Telescopes and space missions

New names for Pluto’s moons

23 Jun 2006

Two new small moons of Pluto, which were discovered by the Hubble Space Telescope last year, have been officially christened Hydra and Nix. Previously they were known rather boringly as P1 and P2. The new names were approved this week by the International Astronomical Union (IUA) -- the official body that assigns names to celestial objects.

Pluto and its Moons

First photographed by Hubble in May 2005, Hydra and Nix are about 5000 times fainter than Pluto and roughly two to three times further from the planet than its largest moon Charon, which was discovered in 1978. The more distant of the two new moons (P1) is now known as Hydra, while Nix is the new name for the inner satellite (P2).

Although the members of the team who discovered the moon wanted to call the inner satellite Nyx, that name was already bagged by asteroid 3908. The IAU therefore changed Nyx to its Egyptian equivalent, Nix.

In Greek mythology, Nyx was the goddess of darkness and night and so is a good name for a moon orbiting Pluto — the god of the underworld. Nyx was also the mother of Charon, the sulky old boatman who ferried the dead into Hades. This name therefore alludes to the theory that a giant impact created Pluto’s satellites and that Charon was created from the same material as Nix. Hydra, meanwhile, was a nine-headed serpent monster, loosely related to the fact that moon is orbiting Pluto, the ninth planet in the solar system.

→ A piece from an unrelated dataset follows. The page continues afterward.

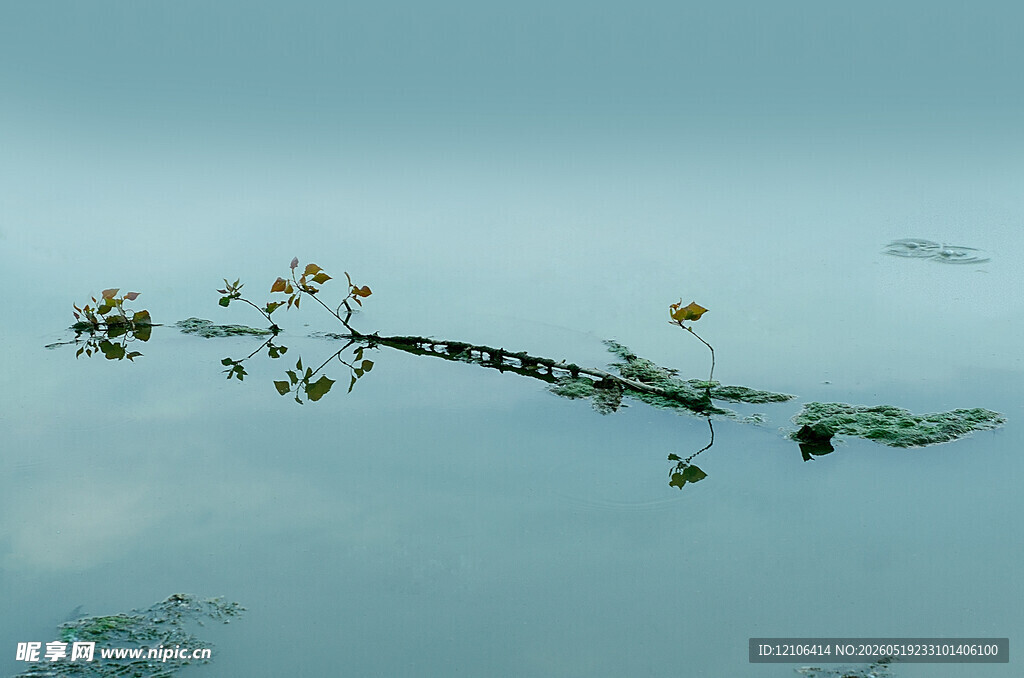 水中植物倒影静谧之景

There are further connections too. Just as Pluto’s name begins with the letters “P” and “l” to pay tribute to astronomer Percival Lowell, whose work led to the discovery of the planet in 1930, so Nix and Hydra honour the “New Horizons” mission because they start with the letters “N” and “H”. New Horizons, which was launched in January this year, is the first spacecraft to visit Pluto and its moons. If you can bear any more of this, note that the first letter of Hydra also honours the Hubble Space Telescope.